[Given records Boundary: Start]

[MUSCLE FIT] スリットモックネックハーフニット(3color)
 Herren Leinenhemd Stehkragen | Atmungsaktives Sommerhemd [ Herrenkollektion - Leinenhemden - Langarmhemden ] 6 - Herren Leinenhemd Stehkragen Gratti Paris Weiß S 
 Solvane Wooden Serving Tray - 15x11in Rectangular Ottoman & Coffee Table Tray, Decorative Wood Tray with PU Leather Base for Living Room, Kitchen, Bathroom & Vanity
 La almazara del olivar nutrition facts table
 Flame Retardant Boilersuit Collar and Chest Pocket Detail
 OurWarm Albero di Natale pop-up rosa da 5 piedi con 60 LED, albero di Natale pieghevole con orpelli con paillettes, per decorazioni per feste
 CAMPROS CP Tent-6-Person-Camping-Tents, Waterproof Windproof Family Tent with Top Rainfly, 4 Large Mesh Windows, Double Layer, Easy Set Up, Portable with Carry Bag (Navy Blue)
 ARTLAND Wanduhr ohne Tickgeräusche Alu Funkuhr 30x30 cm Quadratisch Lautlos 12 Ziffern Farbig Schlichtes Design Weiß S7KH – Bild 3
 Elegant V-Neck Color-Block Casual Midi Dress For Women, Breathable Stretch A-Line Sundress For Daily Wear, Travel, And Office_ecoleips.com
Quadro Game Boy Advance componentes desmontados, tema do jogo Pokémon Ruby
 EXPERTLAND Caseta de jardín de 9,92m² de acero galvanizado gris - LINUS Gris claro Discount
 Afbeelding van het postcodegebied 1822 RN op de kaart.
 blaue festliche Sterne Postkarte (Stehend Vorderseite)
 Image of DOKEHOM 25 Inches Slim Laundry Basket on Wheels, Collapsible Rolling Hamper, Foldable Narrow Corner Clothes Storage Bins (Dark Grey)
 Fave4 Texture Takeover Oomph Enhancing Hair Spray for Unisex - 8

[Given records Boundary: End]

● **Assignment**
Please write out, exactly as they appear above, only the lines in the stretch from the line with "Flame Retardant Boilersuit" through the line with "OurWarm Albero di".

● **Response for this exercise**
 Flame Retardant Boilersuit Collar and Chest Pocket Detail
 OurWarm Albero di Natale pop-up rosa da 5 piedi con 60 LED, albero di Natale pieghevole con orpelli con paillettes, per decorazioni per feste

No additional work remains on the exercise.